#### Exercise requirements
Please set down each entry exactly, omitting any picture it holds.
☆ ☆ ☆ ☆
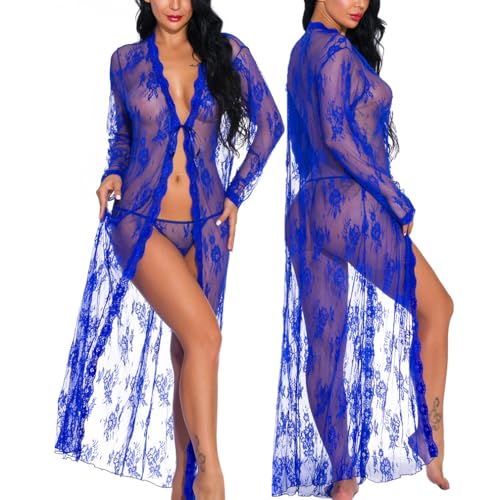 GMDNS Erotische Kleding Dames Erotische Lingerie Sexy Kanten Cardigan Lange Vrouwelijke Nachtjurk met Veelkleurige Bandjes, Blauw, L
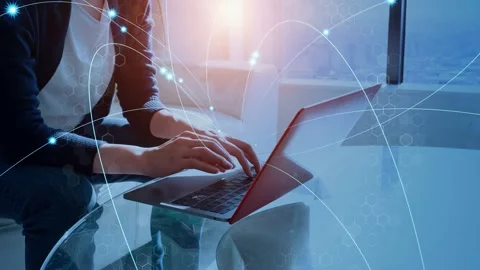 Wireless communication network concept. Smart office. Stock Footage 155612065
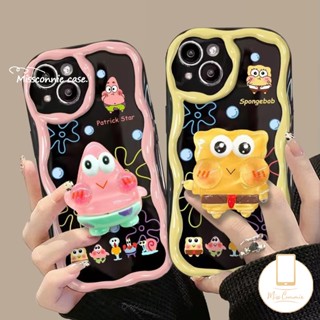 เคสโทรศัพท์มือถือ Tpu นิ่ม ขอบโค้ง ลายการ์ตูนสพันจ์บ็อบ 3D พร้อมขาตั้ง สําหรับ Infinix Smart 7 6 5 6Plus Hot 9 10Lite 12 8 30i Hot 30 9 11 10 20 Play Note 12 G96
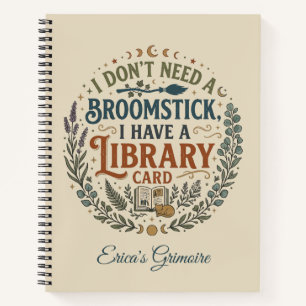 Cuaderno Bibliotecaria Bruja Tarjeta de Biblioteca Amante d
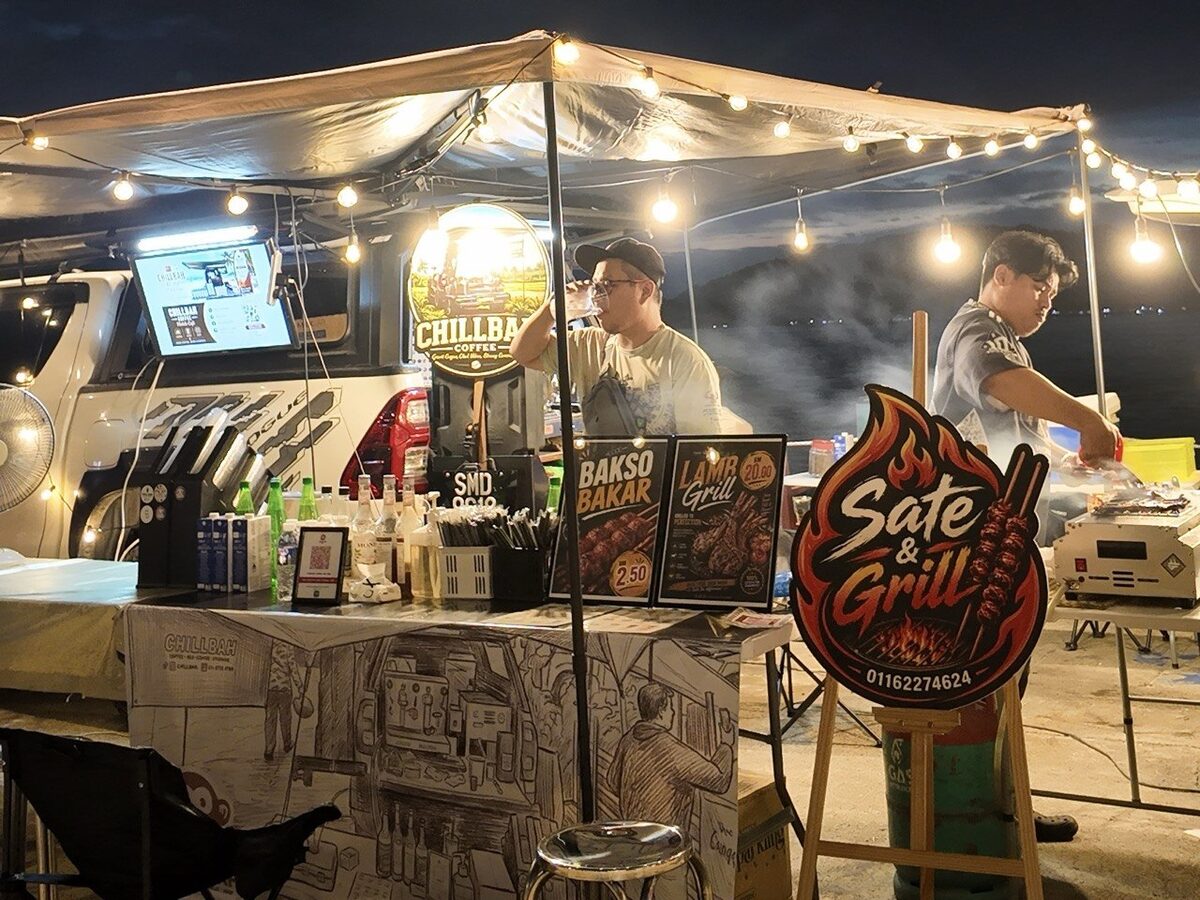 Sate and grill stall at the car boot market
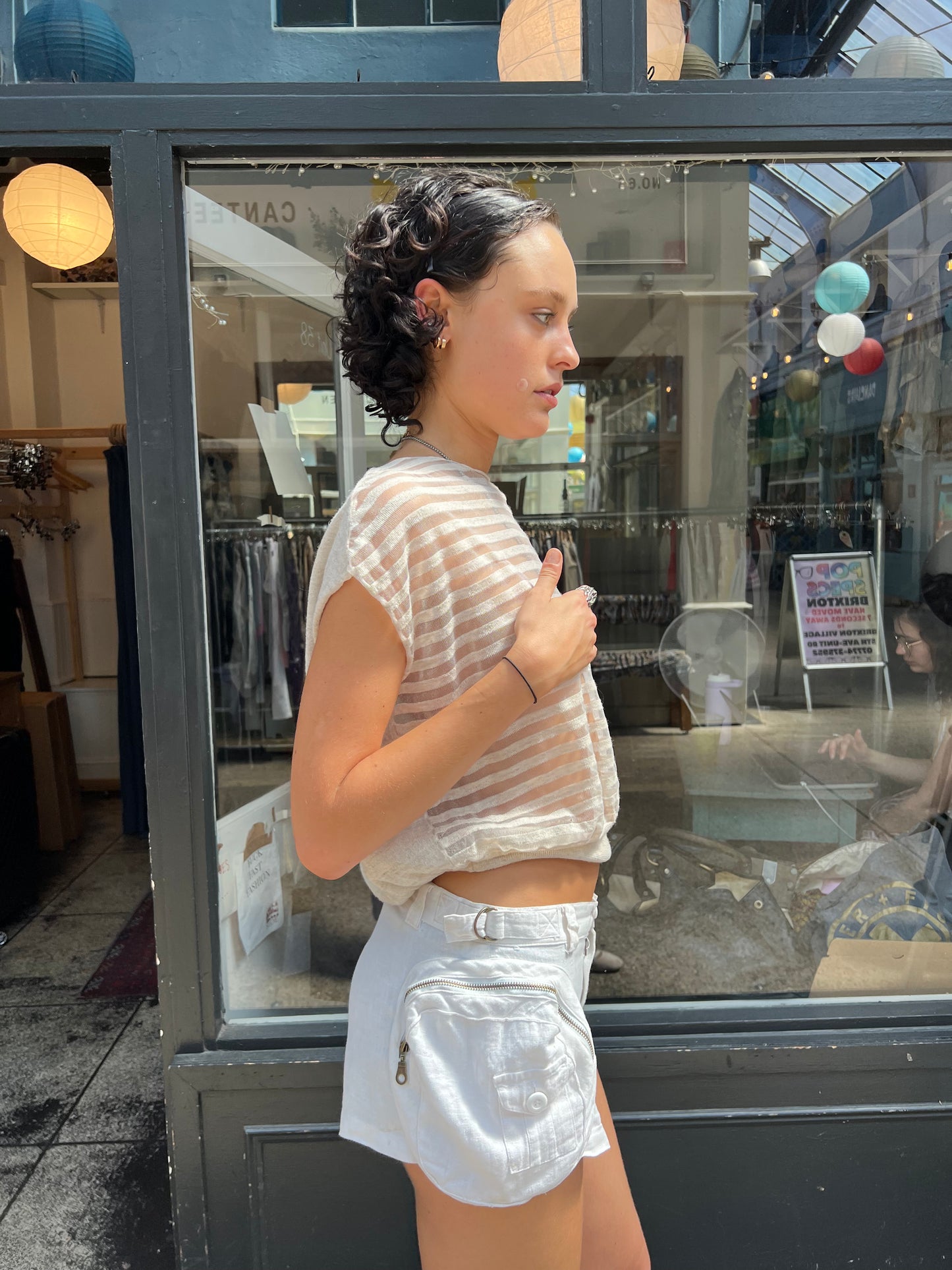 Oatmeal striped slouchy top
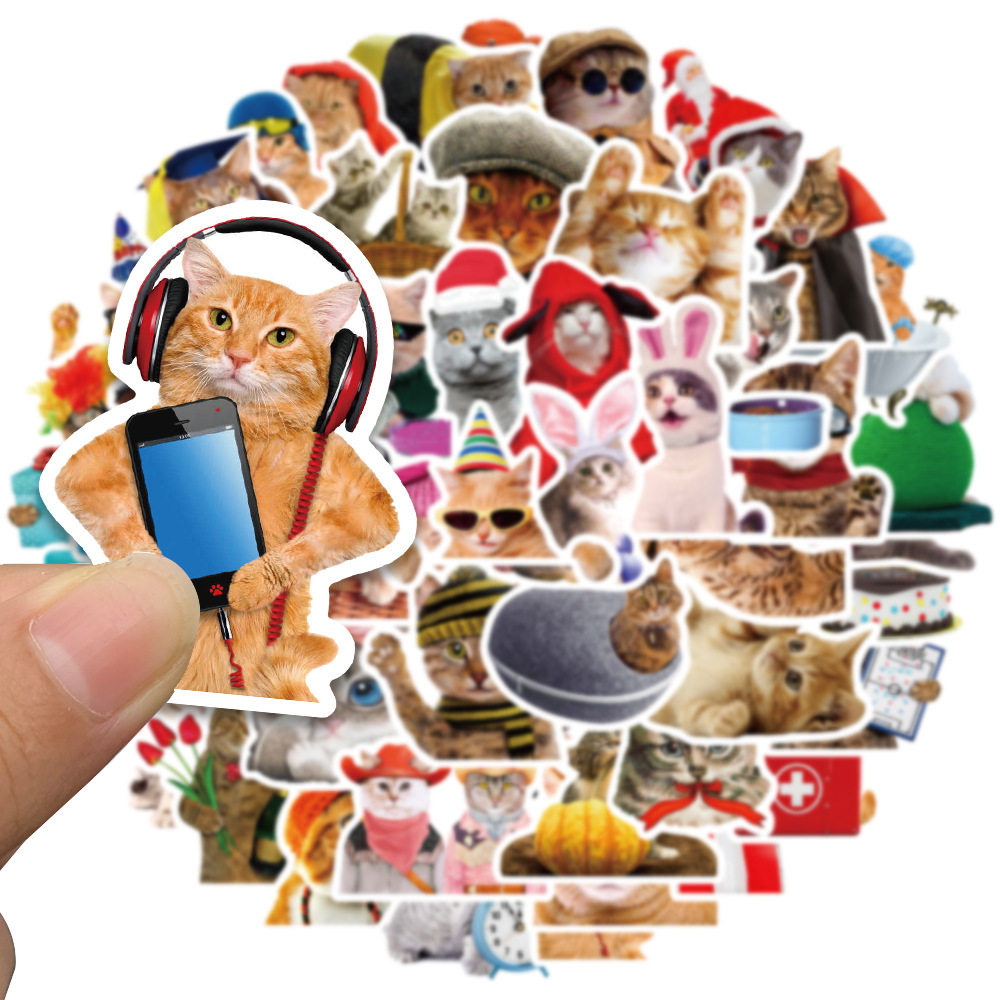 50张嘻哈猫咪外网梗网红表情包涂鸦贴行箱笔记本电脑ipad手机贴纸
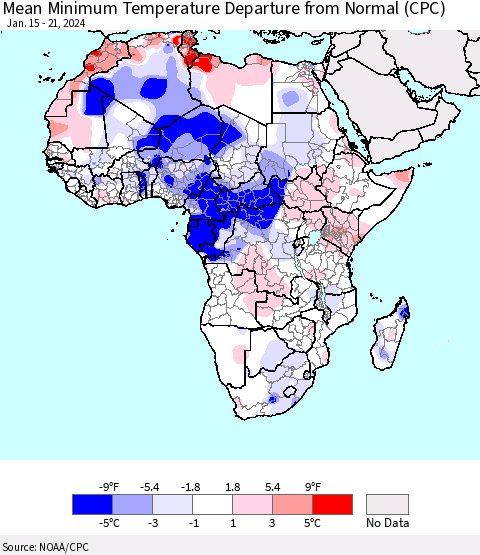 Africa Mean Minimum Temperature Departure from Normal (CPC) Thematic Map For 1/15/2024 - 1/21/2024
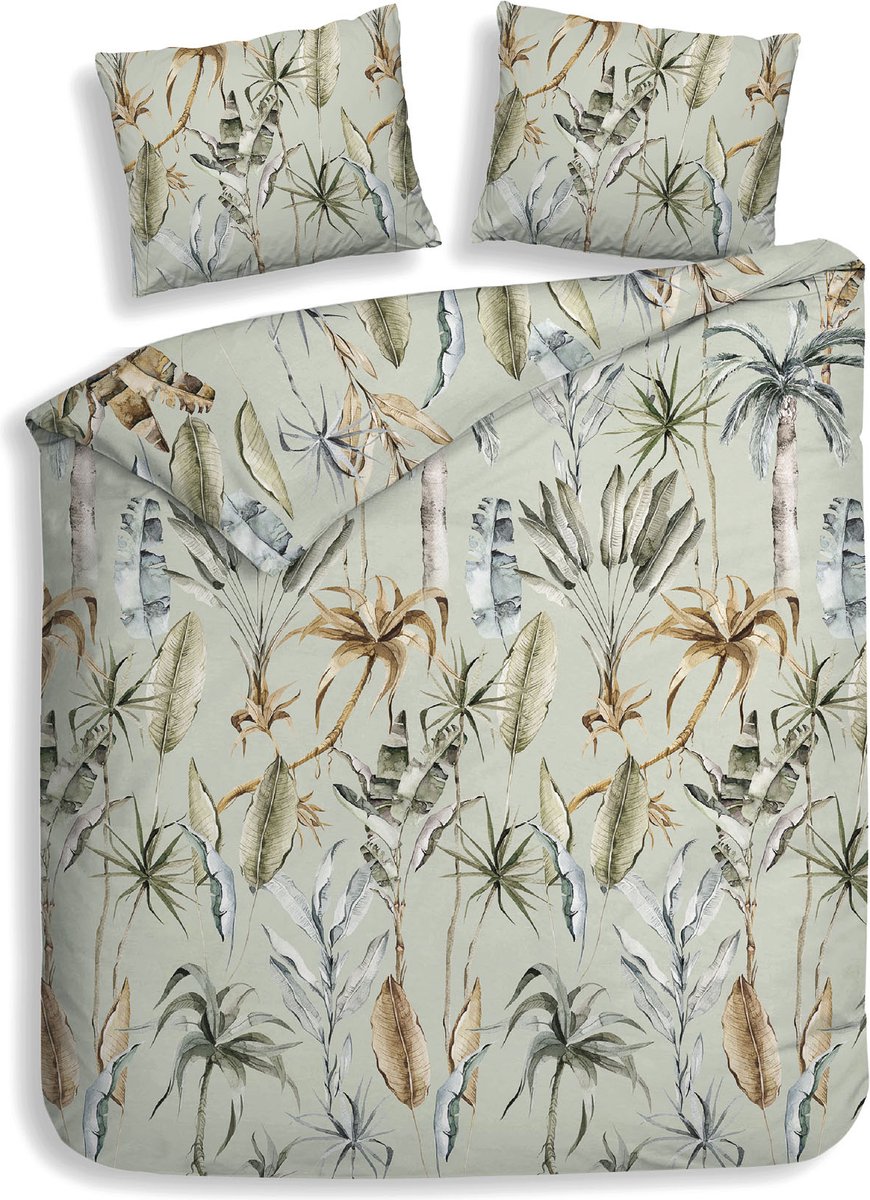 Heckettlane Areca Dekbedovertrek - Lits-jumeaux - Flanel - 240x200-220cm - Groen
☆ ☆ ☆ ☆
#### Result of this task
 GMDNS Erotische Kleding Dames Erotische Lingerie Sexy Kanten Cardigan Lange Vrouwelijke Nachtjurk met Veelkleurige Bandjes, Blauw, L
 Wireless communication network concept. Smart office. Stock Footage 155612065
 เคสโทรศัพท์มือถือ Tpu นิ่ม ขอบโค้ง ลายการ์ตูนสพันจ์บ็อบ 3D พร้อมขาตั้ง สําหรับ Infinix Smart 7 6 5 6Plus Hot 9 10Lite 12 8 30i Hot 30 9 11 10 20 Play Note 12 G96
 Cuaderno Bibliotecaria Bruja Tarjeta de Biblioteca Amante d
 Sate and grill stall at the car boot market
 Oatmeal striped slouchy top
 50张嘻哈猫咪外网梗网红表情包涂鸦贴行箱笔记本电脑ipad手机贴纸
 Africa Mean Minimum Temperature Departure from Normal (CPC) Thematic Map For 1/15/2024 - 1/21/2024
 Heckettlane Areca Dekbedovertrek - Lits-jumeaux - Flanel - 240x200-220cm - Groen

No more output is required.